My second speaking gig on a Geek Cruise (after Perl Whirl and before Linux Lunacy) was in the western Caribbean aboard the 720-foot Ryndam in the Holland America Line. This was not only a week of deep immersion with Java geeks and a sort of broad circumnavigation of Cuba, but it resulted in a very serious injury when I fell on a black spiny sea urchin while snorkeling in Cozumel, shredding my right index finger. The story of that aspect of the adventure is in my Microship post a couple of months later.
This is just a quick note about the event itself. Here is the program entry for my talk on the first day of the cruise:
The February 2001 issue of Software Development magazine carried a delightful article by Dana Cline about Java Jam, and here is a photo of the participants posed on the foredeck of the Ryndam (I’m the guy in yellow shorts near the left end of the front row, and the fellow in the blue shorts to my left is Neil Bauman, who runs the Geek Cruises).
Dana’s 6-page article, with full text in the Dr.
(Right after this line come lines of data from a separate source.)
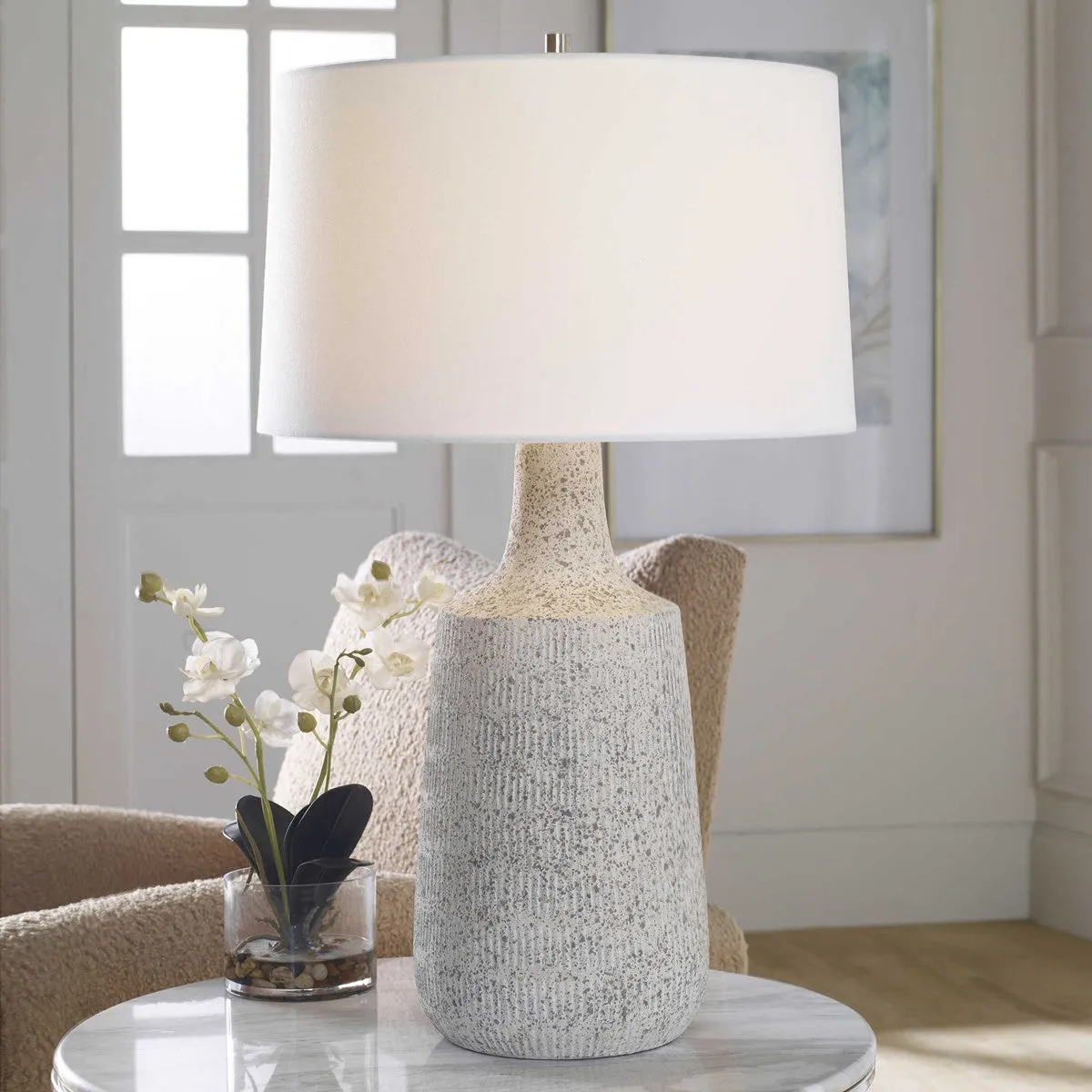 Scouts White Table Lamp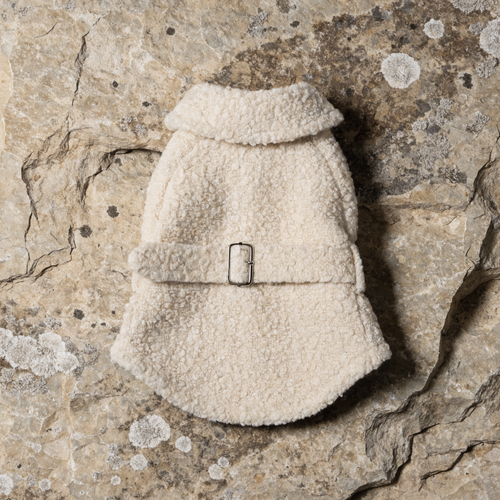 Boucle Dog Coat Cream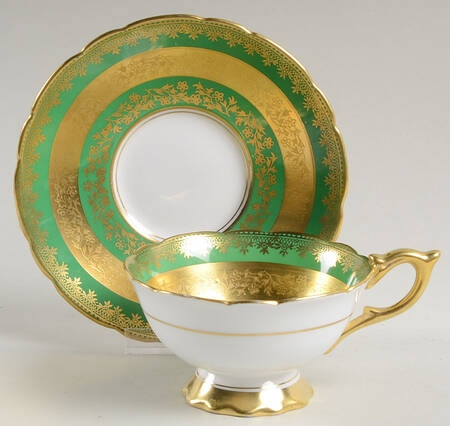 C429 Footed Cup & Saucer Set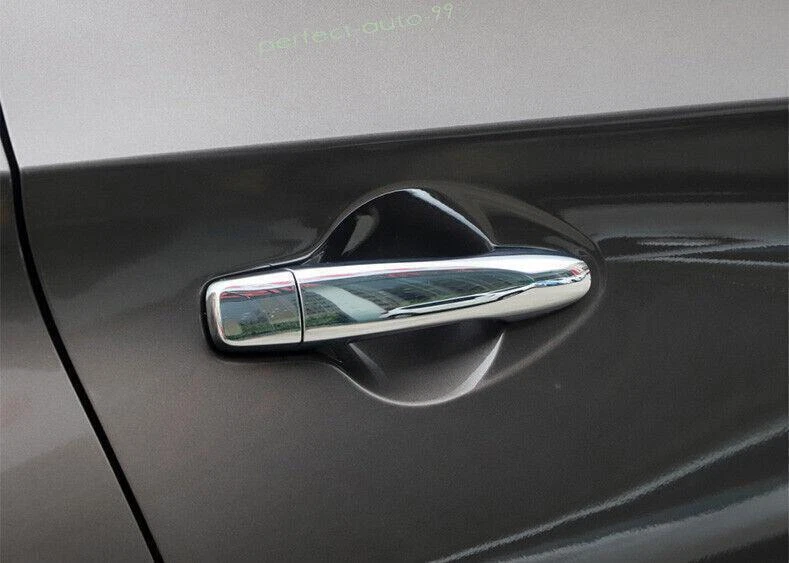 Cubierta exterior de tazón de puerta lateral con patrón de fibra de carbono para Nissan Murano 2015-2024 Foto 4 de 4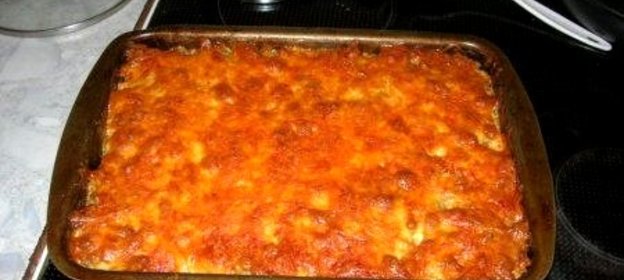 Запеканка из фарша в духовке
Dobbs archive, goes into lots of detail about the adventure… here is the bit about my presentation on the first day of the voyage…
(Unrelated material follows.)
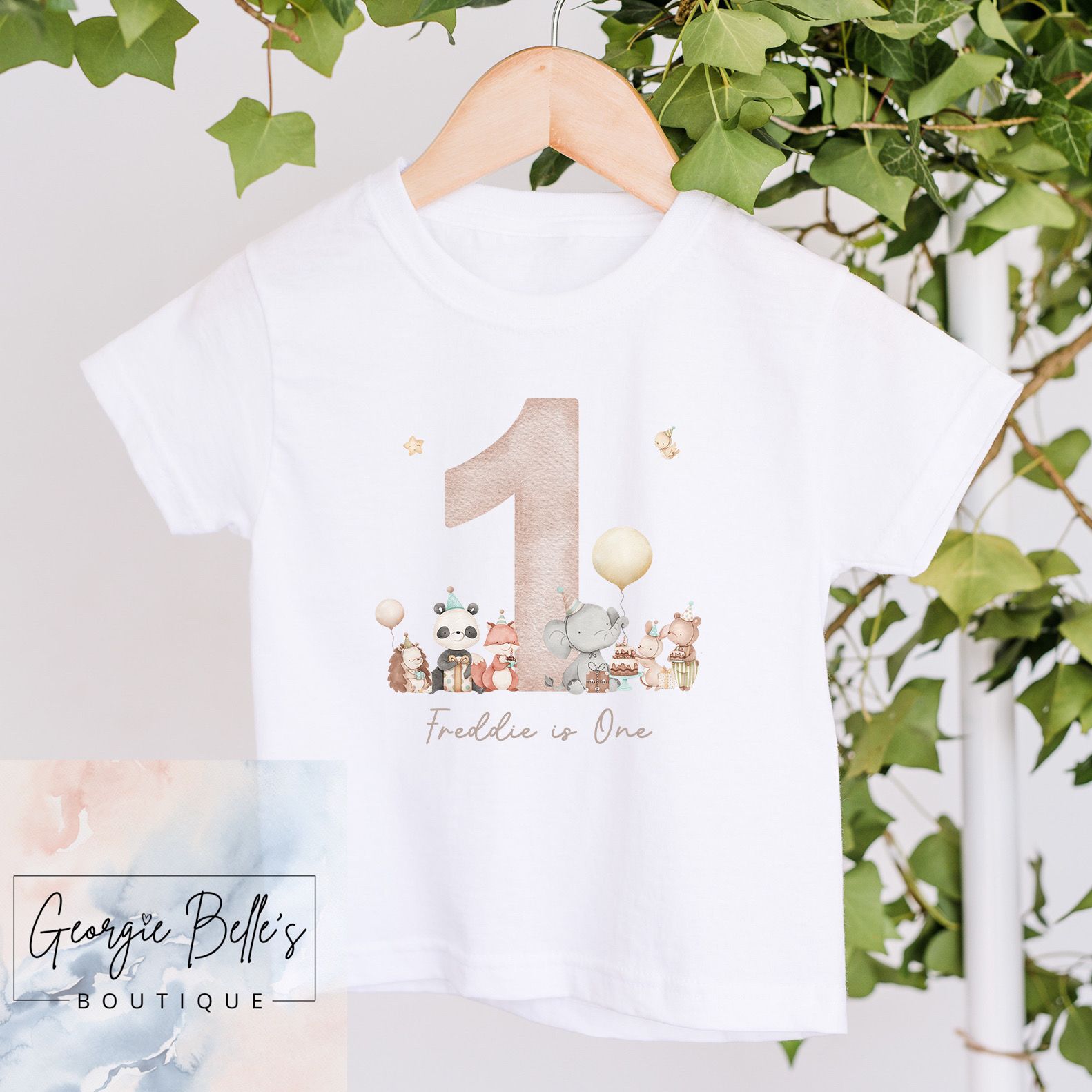 Birthday T-Shirt - Animal Party Design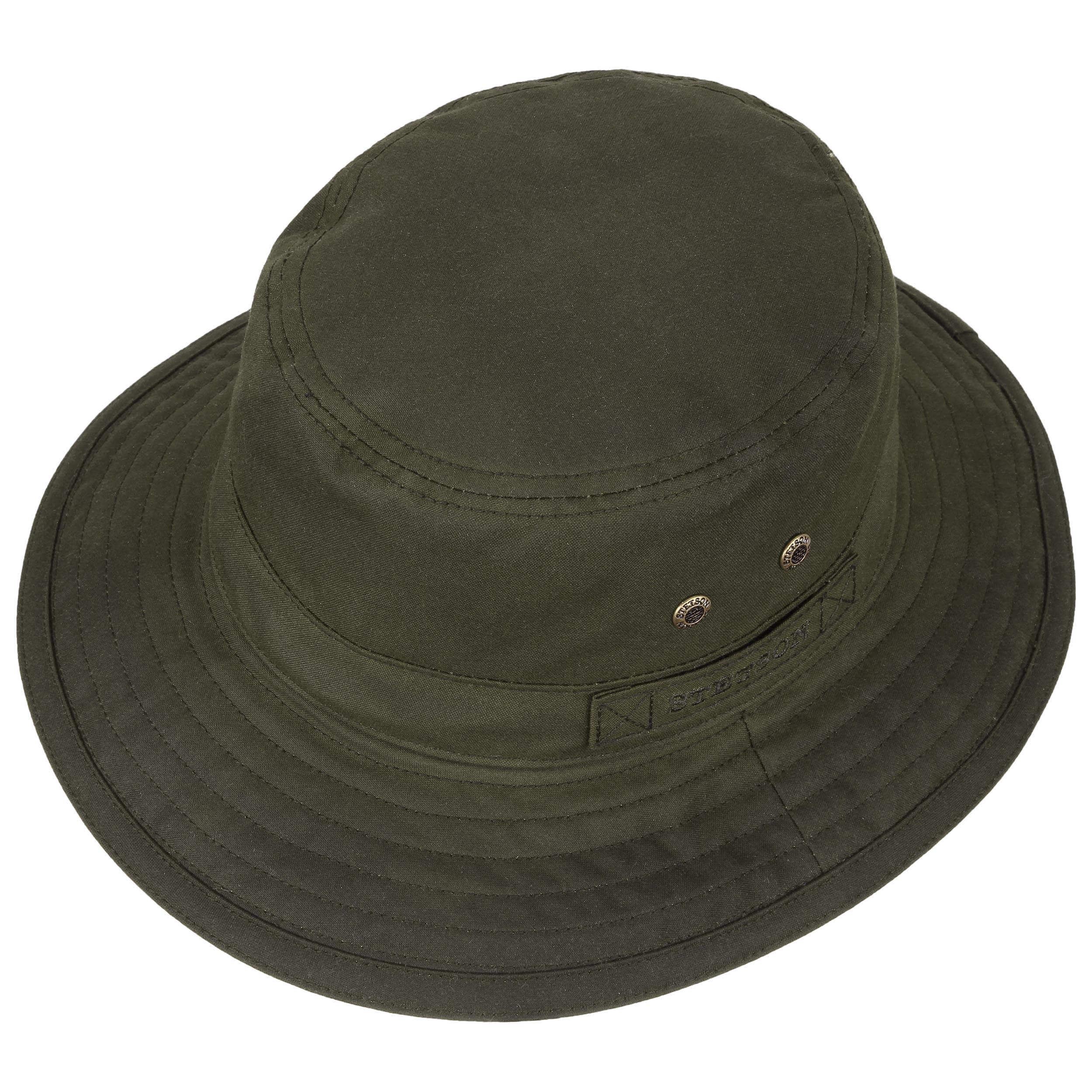 Atkins Waxed Cotton Bucket Hat by Stetson 89,00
As we left Half Moon Cay, the geeks gathered in one of the larger conference rooms for Neil Bauman’s “Welcome Aboard” speech. Bauman then introduced Steve Roberts, who spoke about his Microship project.
In 1983, Steve left a normal life to roam across the U.S. on a custom bicycle, communicating his adventures via CompuServe using a Radio Shack Model 100 computer. His latest project is to roam America’s waterways in a pair of small ships that will serve as living quarters, transportation and communications hub for Steve and his partner Natasha Clarke. Their voyage, which will be chronicled on their Web site, will start in the Pacific Northwest and take them across the Northwest, down to the Gulf of Mexico, around Florida and up the Eastern Seaboard, and then finally through the Great Lakes. Roberts’ ships are wonders of miniaturization (unlike the Ryndam!). Starting life as 19-foot canoes, they’ve been modified with full cockpits, a mast, pedals and retractable wheels for portages. The ships’ electronics are extensive: there are hundreds of sensors, controllers and user interface devices, as well as wireless networking and satellite communications, all of it driven by banks of solar cells. At its heart is a Linux server running custom Perl scripts.